WHAT IS BEING ASKED -
Your reply should consist only of the lines from the one holding "Desoto 81232-3 544" to the last line of the data below, written out exactly and without pictures.

DATA UNDER STUDY -

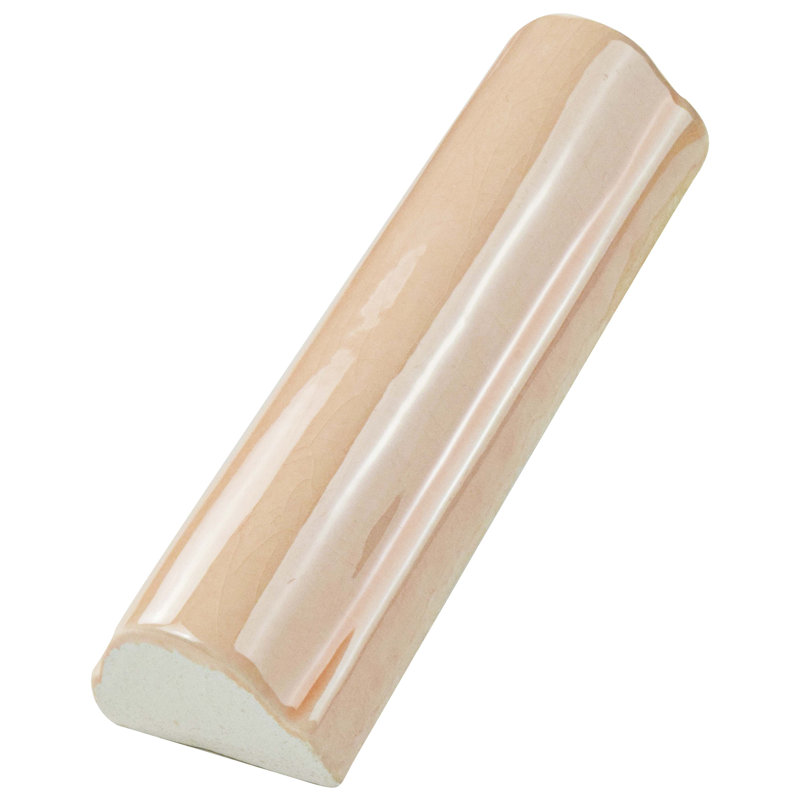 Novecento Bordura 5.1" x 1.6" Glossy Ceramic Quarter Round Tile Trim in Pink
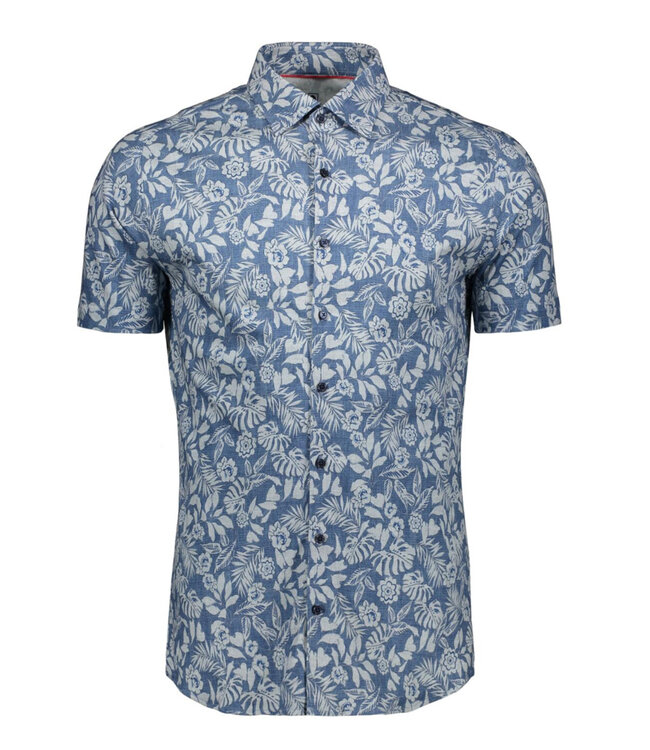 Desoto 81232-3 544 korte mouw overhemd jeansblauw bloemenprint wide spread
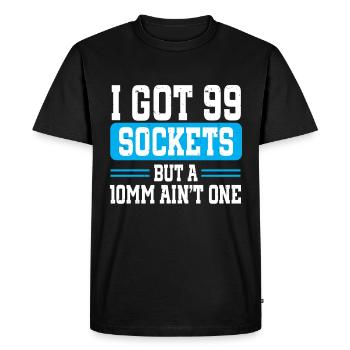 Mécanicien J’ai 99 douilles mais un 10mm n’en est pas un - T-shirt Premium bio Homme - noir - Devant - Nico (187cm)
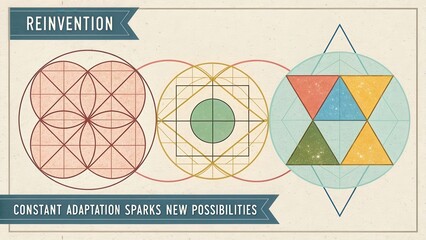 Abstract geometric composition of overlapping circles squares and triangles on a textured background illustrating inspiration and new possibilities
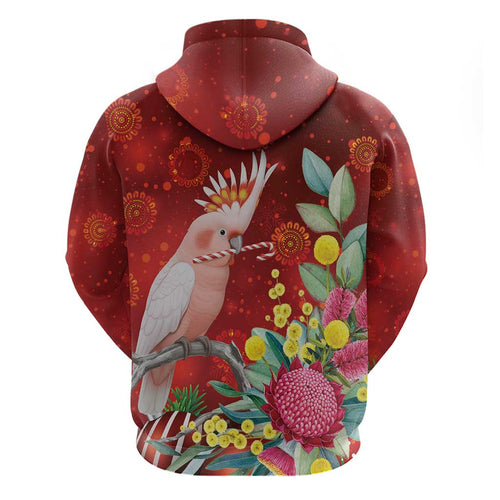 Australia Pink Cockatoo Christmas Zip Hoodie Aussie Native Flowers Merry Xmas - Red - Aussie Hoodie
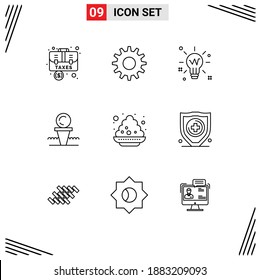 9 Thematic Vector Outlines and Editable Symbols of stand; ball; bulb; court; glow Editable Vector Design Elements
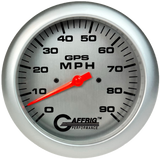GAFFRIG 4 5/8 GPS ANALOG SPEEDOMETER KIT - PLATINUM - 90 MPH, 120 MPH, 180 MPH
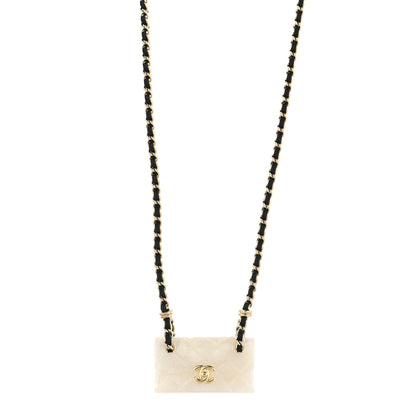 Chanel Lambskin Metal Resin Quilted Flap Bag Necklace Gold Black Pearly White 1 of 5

REPLY TO THE TASK -
 Desoto 81232-3 544 korte mouw overhemd jeansblauw bloemenprint wide spread
 Mécanicien J’ai 99 douilles mais un 10mm n’en est pas un - T-shirt Premium bio Homme - noir - Devant - Nico (187cm)
 Abstract geometric composition of overlapping circles squares and triangles on a textured background illustrating inspiration and new possibilities
 Australia Pink Cockatoo Christmas Zip Hoodie Aussie Native Flowers Merry Xmas - Red - Aussie Hoodie
 9 Thematic Vector Outlines and Editable Symbols of stand; ball; bulb; court; glow Editable Vector Design Elements
GAFFRIG 4 5/8 GPS ANALOG SPEEDOMETER KIT - PLATINUM - 90 MPH, 120 MPH, 180 MPH
 Chanel Lambskin Metal Resin Quilted Flap Bag Necklace Gold Black Pearly White 1 of 5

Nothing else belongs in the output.